Trump Calls for Iran’s Collapse as Bombs Fall and Millions Flee

by admin477351
Photo by Gage Skidmore from Peoria, AZ, United States of America, via wikimedia commons

Seven days into a war that has already reshaped the Middle East, President Donald Trump is pushing for nothing less than the complete collapse of the Iranian government. Speaking from the White House and posting on social media, Trump called on the Iranian people to overthrow their clerical leadership, promised immunity to those who cooperated, and declared that unconditional surrender was the only path to peace.

The military campaign backing those words has been ferocious. US Air Force B-2 stealth bombers, operating from undisclosed locations, dropped dozens of 2,000-pound bunker-busting bombs on hardened underground missile sites inside Iran. Witnesses in Tehran described the strikes as uniquely terrifying, with explosions shaking buildings across the capital. Explosions also rocked the city of Kermanshah, home to key Iranian missile bases.

In Lebanon, the scale of displacement has been staggering. Israel issued evacuation orders covering Dahiyeh, a densely populated Hezbollah stronghold in southern Beirut, sending hundreds of thousands of residents streaming out of the city. When Israeli strikes finally hit the emptied district, the area was described as a ghost town of rubble and fire. Hezbollah continued firing rockets into northern Israel throughout the day, wounding five Israeli soldiers with anti-tank fire.

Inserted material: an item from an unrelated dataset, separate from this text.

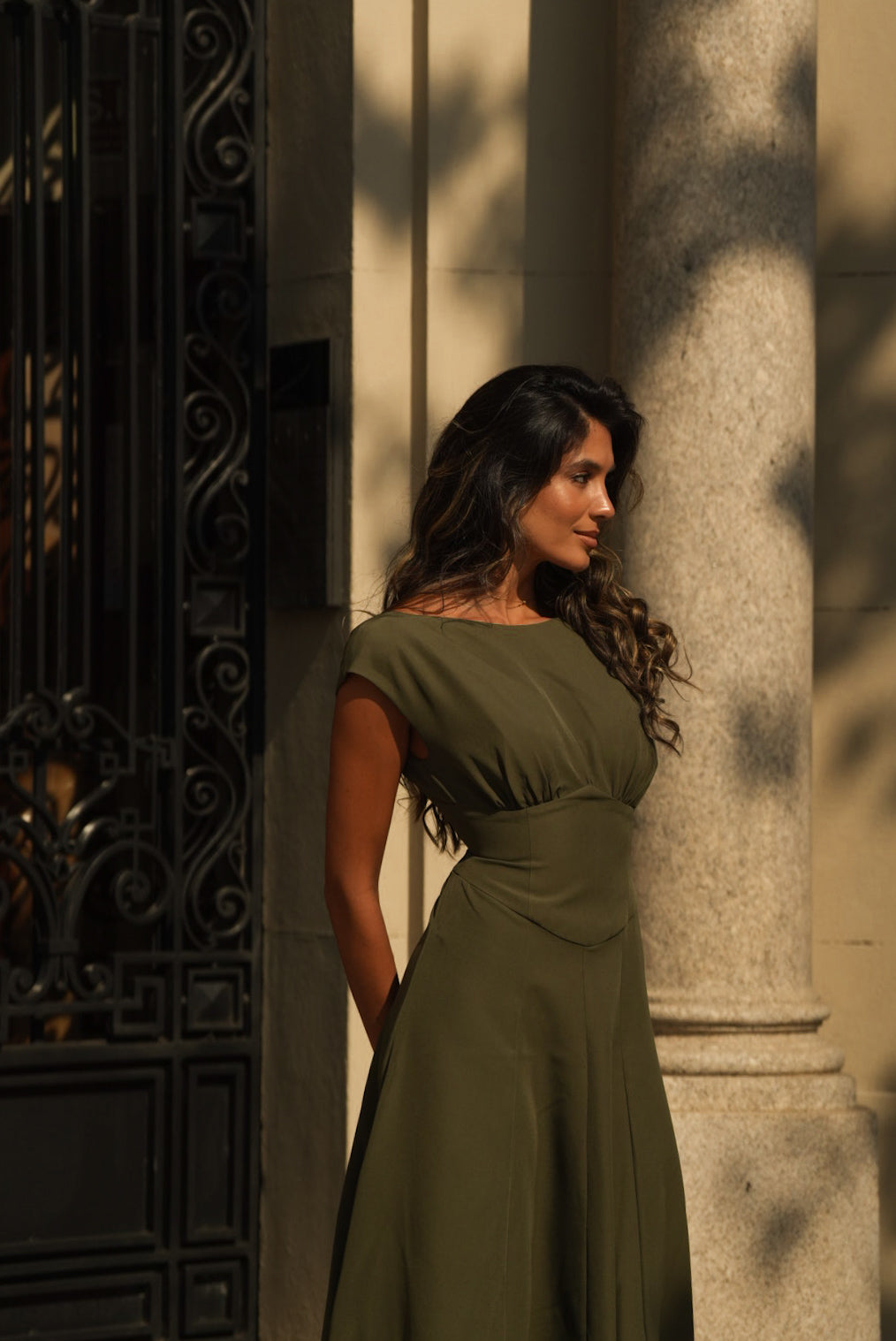 VESTIDO GENOVEVA VERDE KAKI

Iran retaliated broadly, launching missiles and drones at US bases and oil infrastructure across the Gulf. Saudi Arabia, Qatar, Kuwait, and Bahrain all reported being targeted. Bahrain confirmed that Iranian strikes hit hotels and residential buildings. Kuwait, where six American troops had been killed earlier in the week, activated air defenses as new waves of missiles crossed its airspace.

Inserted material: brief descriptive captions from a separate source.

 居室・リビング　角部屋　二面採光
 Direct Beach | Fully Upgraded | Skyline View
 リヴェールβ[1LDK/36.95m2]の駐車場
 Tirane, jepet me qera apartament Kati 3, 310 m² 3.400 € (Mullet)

International concern has grown sharply. France condemned an attack on the UN peacekeeping mission’s Ghanaian battalion headquarters in Lebanon, calling it unacceptable. Ireland’s taoiseach called it reckless. The United Nations human rights chief appealed for steps to contain the conflict, warning that only escalation and destruction seemed to be on the agenda. Oil markets, airline schedules, and global stock exchanges all continued to feel the war’s economic shockwaves.